===== EXERCISE INPUT =====

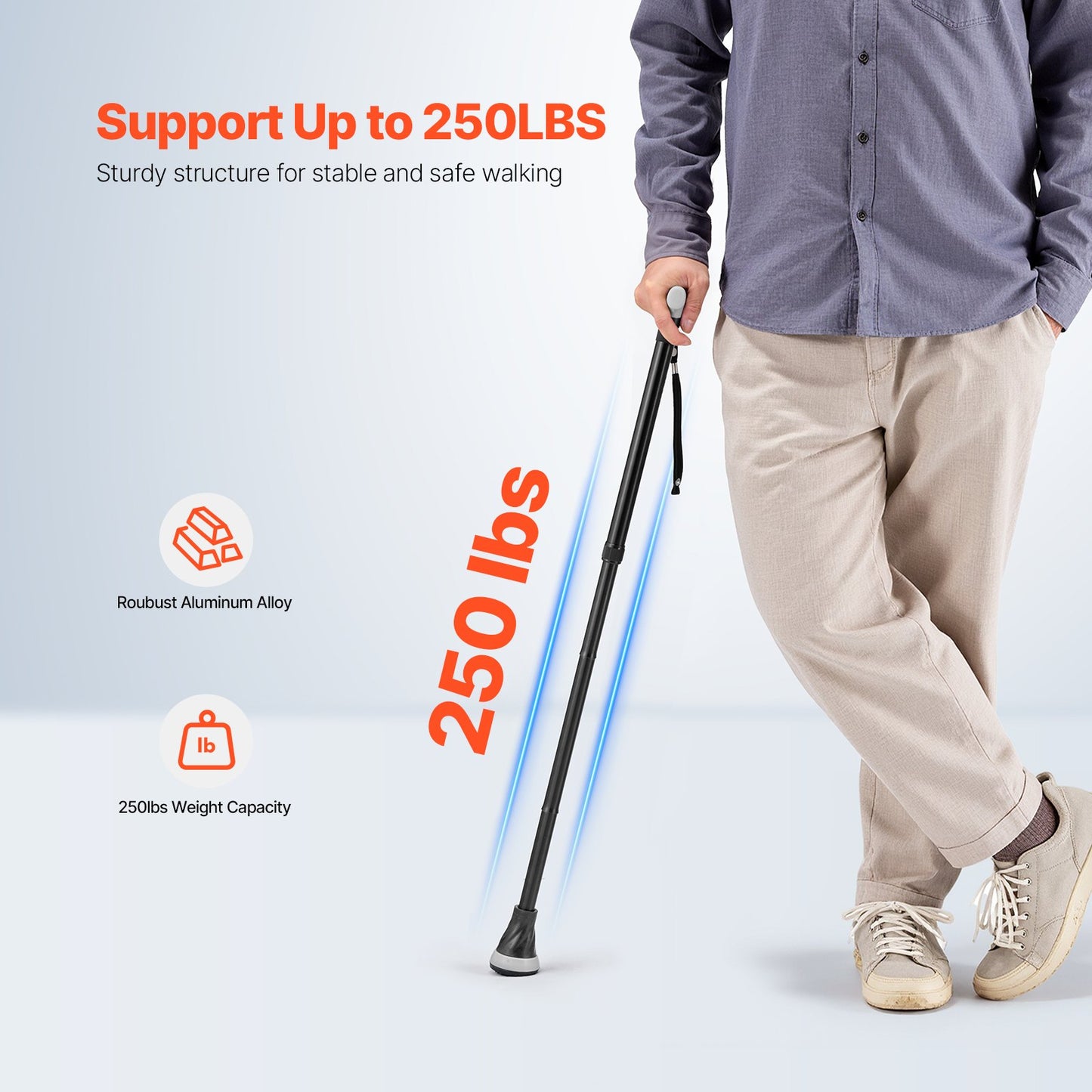 VEVOR Walking Cane for Man Woman Folding Walking Stick 8-Level Adjustable Height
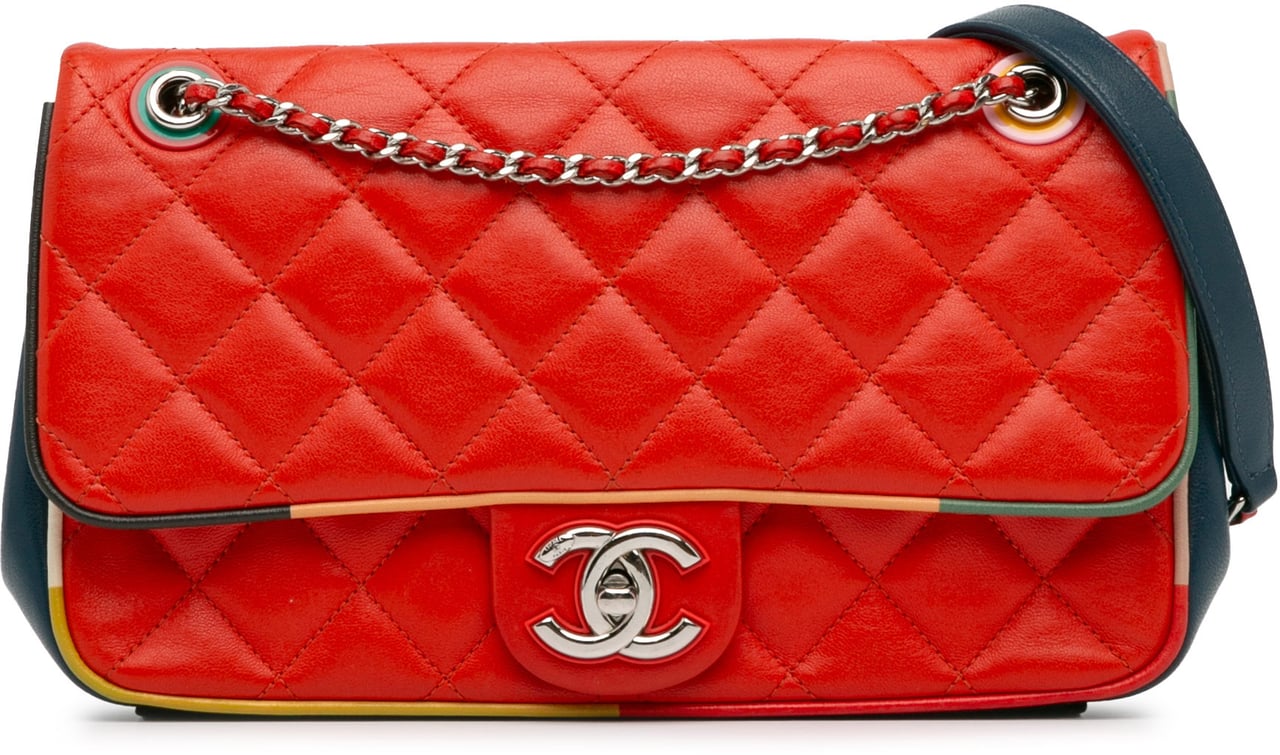 Chanel Medium Quilted Lambskin Cuba Color Flap Rood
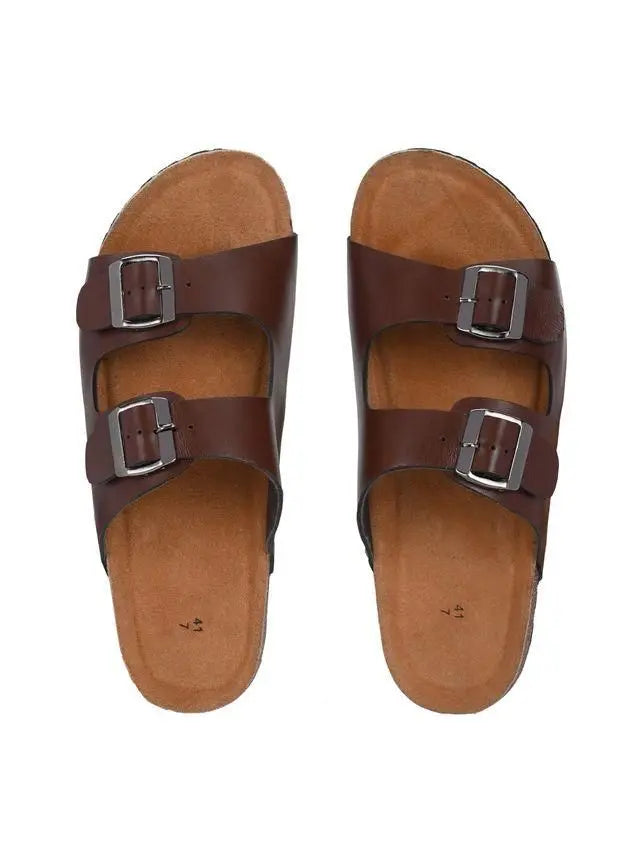 Mens Arizona Brown Leather Slippers SaumyasStore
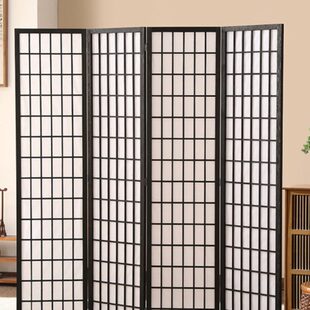 格子客厅折叠移动卧室遮挡家用实木折屏简约背景墙 屏风隔断日式
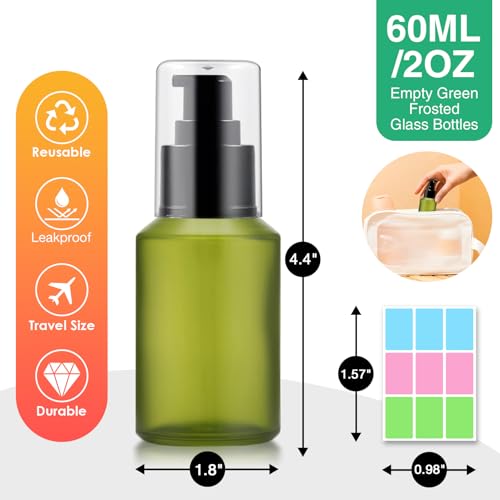 3 Pack 2oz Green Frosted Glass Pump Bottles - Refillable Travel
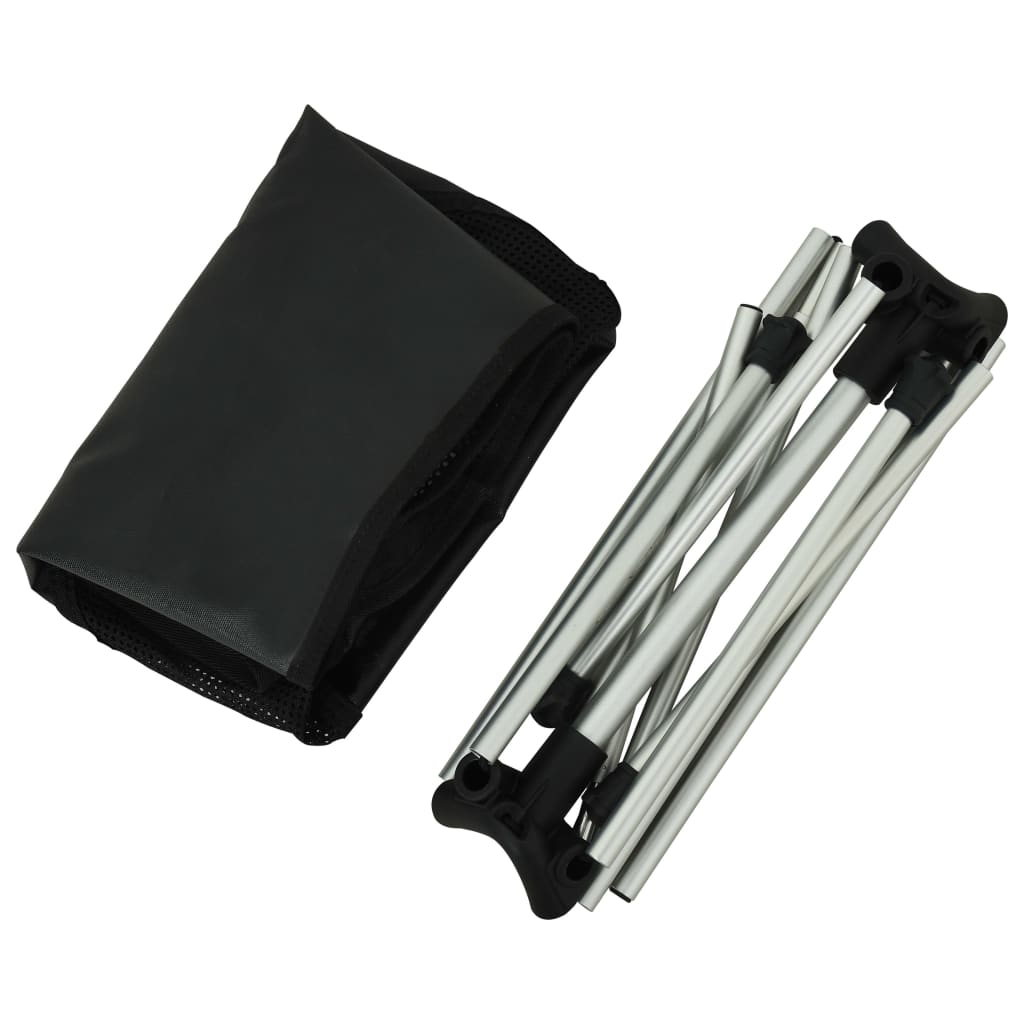 Inklapbare vidaXL campingstoel met zwart draagtas en aluminium frame, zijaanzicht.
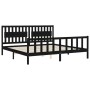 Bed frame with black solid wood headboard 200x200 cm by vidaXL, Beds and slatted bases - Ref: Foro24-3192450, Price: 221,59 €...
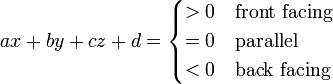 ax+by+cz+d = \begin{cases} > 0 & \text{front facing} \\ = 0 & \text{parallel} \\ < 0 & \text{back facing} \end{cases} 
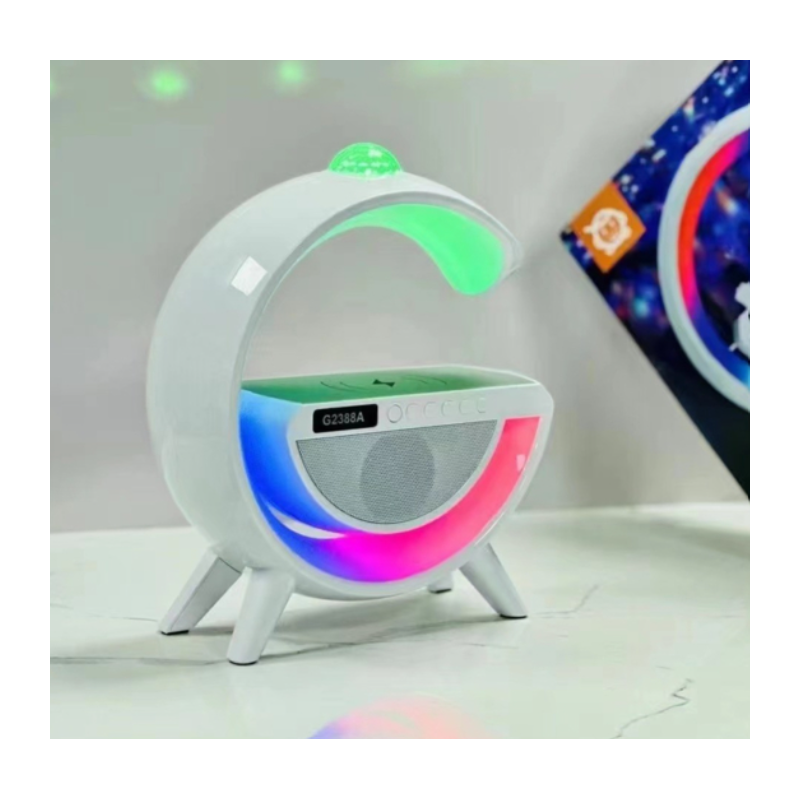 Micrófono de altavoz inalámbrico, altavoz Bluetooth multifuncional de mano,  máquina de karaoke portátil con luz LED para PC Smartphone (blanco)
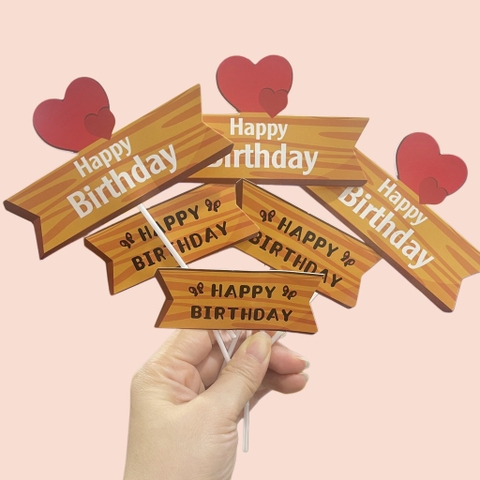 Set 6 chữ HPBD gắn trái tim đỏ giấy TN (màu nâu ĐẬM).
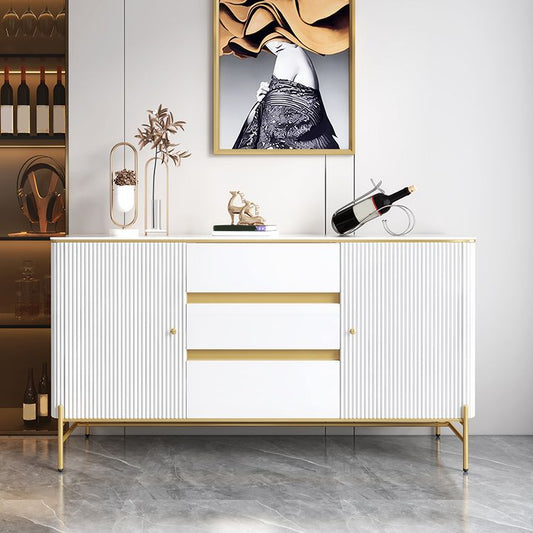 Credenza a buffet in pietra di credenza in stile glam con cassetti e armadi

=====

→ **ASSIGNMENT**: Leaving out every picture, transcribe exactly the lines from the line that contains "格子客厅折叠移动卧室遮挡家用实木折屏简约背景墙 屏风隔断日式" through the final line of the entries above.

→ **REPLY**:
 格子客厅折叠移动卧室遮挡家用实木折屏简约背景墙 屏风隔断日式
 3 Pack 2oz Green Frosted Glass Pump Bottles - Refillable Travel
 Inklapbare vidaXL campingstoel met zwart draagtas en aluminium frame, zijaanzicht.
 Bed frame with black solid wood headboard 200x200 cm by vidaXL, Beds and slatted bases - Ref: Foro24-3192450, Price: 221,59 €...
 ax+by+cz+d = \begin{cases} > 0 & \text{front facing} \\ = 0 & \text{parallel} \\ < 0 & \text{back facing} \end{cases} 
 Micrófono de altavoz inalámbrico, altavoz Bluetooth multifuncional de mano,  máquina de karaoke portátil con luz LED para PC Smartphone (blanco)
 Set 6 chữ HPBD gắn trái tim đỏ giấy TN (màu nâu ĐẬM).
 Credenza a buffet in pietra di credenza in stile glam con cassetti e armadi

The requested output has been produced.